「45歳の女性。主訴は倦怠感。1か月前より強くなった。寒がりで、動作が緩慢である。食欲低下、便秘、月経過多、徐脈を認める。」最もみられる身体所見はどれか。
正答:2
正答:2
倦怠感・寒がり・動作緩慢・食欲低下・便秘・月経過多・徐脈という所見は、甲状腺ホルモン分泌低下による甲状腺機能低下症(原因として慢性甲状腺炎=橋本病が最多)を示す。
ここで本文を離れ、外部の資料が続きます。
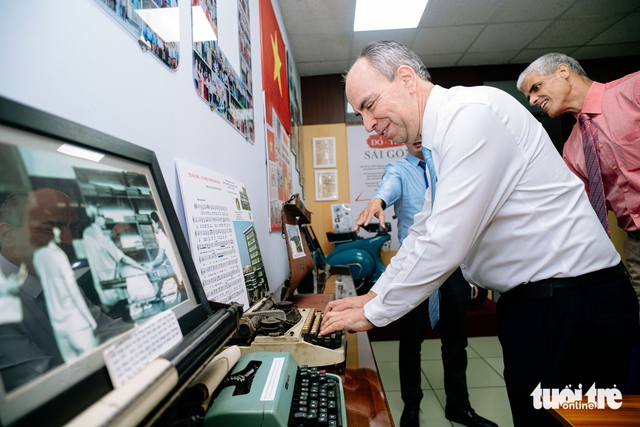 Cuba ambassador seeks stronger media ties during visit to Vietnam’s Tuoi Tre - Ảnh 9.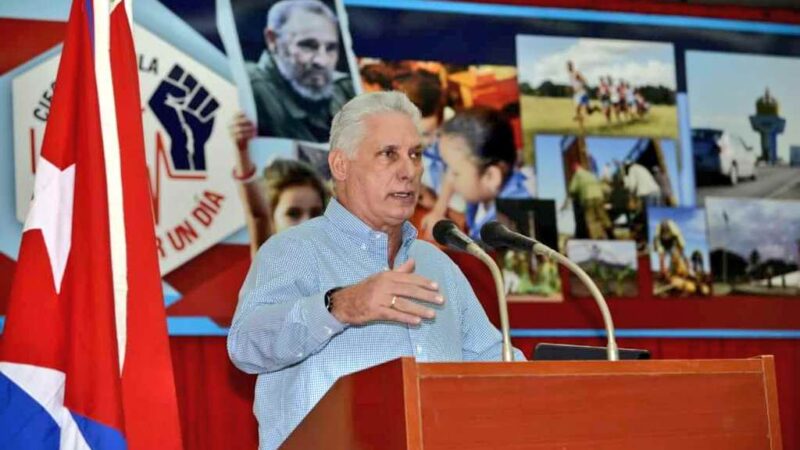 «Sí podemos superar la crisis que atraviesa el país”, afirmó Díaz-Canel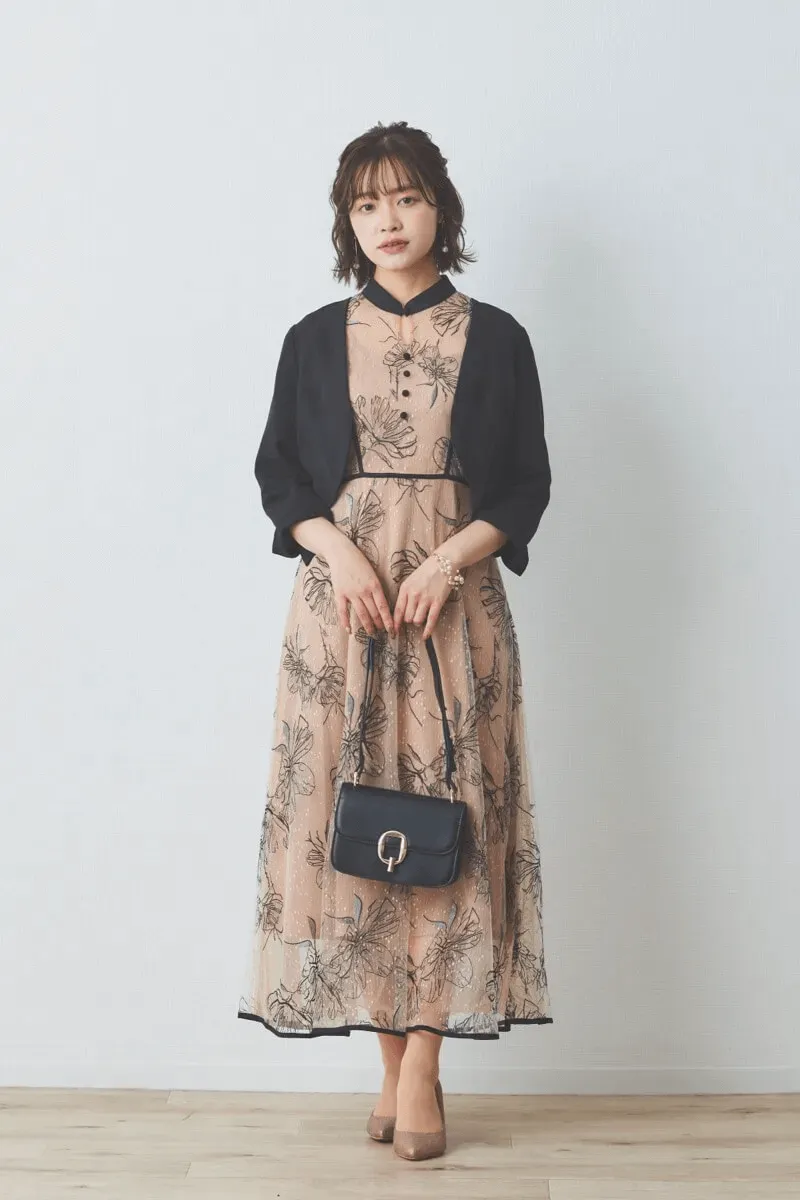 ベージュの配色フラワーレースパイピングドレス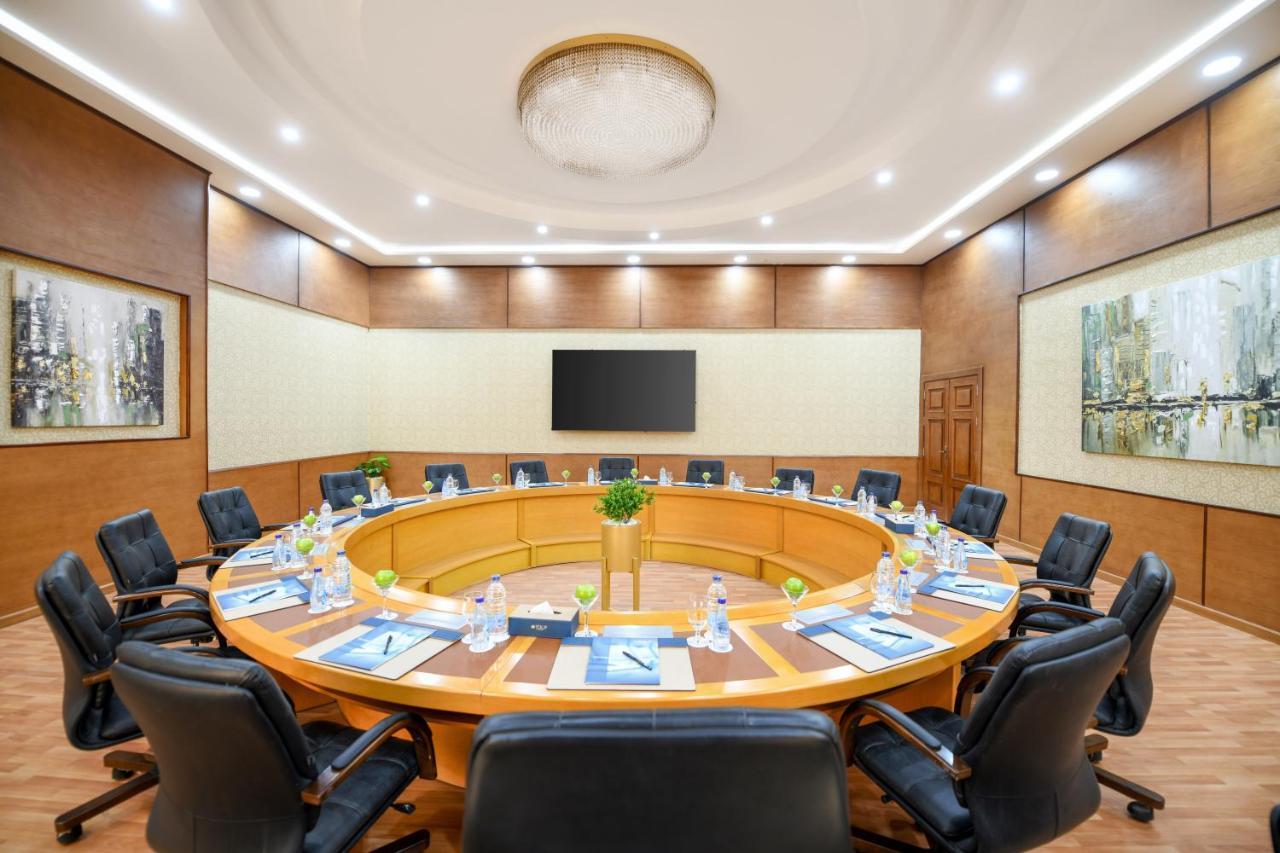 Tolip Gardens Hotel Каир Экстерьер фото Boardroom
この病態で最もみられる身体所見は甲状腺の腫れ(頸部腫脹)である。
全身倦怠感を主訴とする症例から基礎疾患(甲状腺機能低下症)を推定し、その診察で確認すべき身体所見を選べるかを問う。基礎代謝低下に伴う所見の方向(亢進か低下か)を取り違えないことが核心。
教科書は甲状腺機能低下症を、甲状腺ホルモンまたはTSHの分泌低下で多様な症状をきたす病態とし、原因として橋本病(慢性甲状腺炎)の頻度が最も高いとする。甲状腺ホルモンは全身の基礎代謝に影響するため、全身倦怠感・易疲労感・食欲減退などが出現する。鍼灸臨床の診察では『視診として甲状腺の腫れ』『触診として甲状腺の大きさと硬さ』を確認するとされ、これが頸部腫脹に対応する。別章でも甲状腺機能低下症の所見として全身倦怠感・徐脈・低体温・浮腫(圧痕なし)が挙げられており、本症例の徐脈とも整合する。
甲状腺機能『低下』症と『亢進』症(バセドウ病等)の所見が真逆になる点が最大の混同源。低下症は寒がり・動作緩慢・徐脈・便秘・体重増加・非圧痕性浮腫、亢進症は暑がり・頻脈・体重減少・眼球突出など。本症例は寒がり・徐脈・動作緩慢で『低下症』の像。浮腫の圧痕性/非圧痕性の区別も狙われやすい。
甲状腺ホルモンは全身の基礎代謝を規定するため、低下すると代謝が全般に落ちる。教科書では低下症の所見として全身倦怠感・易疲労感・嗄声・食欲減退・皮膚乾燥・徐脈・低体温・非圧痕性浮腫が挙がる。本症例の倦怠感・寒がり・動作緩慢・食欲低下・便秘・徐脈はいずれも代謝低下で説明できる。診察の要点は甲状腺の視診・触診(腫れ・大きさ・硬さ)であり、頸部腫脹がその直接の所見となる。確定には血液検査で甲状腺ホルモン低下・TSH高値を確認する。
代謝『亢進』の所見(体重減少・反射亢進・頻脈)を、症状が強い=活動性が高いと誤連想して選ばせる罠。本症例は徐脈・動作緩慢という『低下』の決め手があるため、亢進方向の選択肢(体重減少・深部反射亢進)は除外できる。浮腫は『圧痕性か非圧痕性か』で甲状腺機能低下症は非圧痕性、という区別も罠。
甲状腺機能低下症の像を一括整理:倦怠感・易疲労・寒がり・動作緩慢・食欲低下・便秘・徐脈・低体温・非圧痕性浮腫・体重増加傾向。診察=甲状腺の視診触診(頸部腫脹)、検査=甲状腺ホルモン低下/TSH高値。亢進症(頻脈・体重減少・眼球突出)との真逆対比をセットで覚える。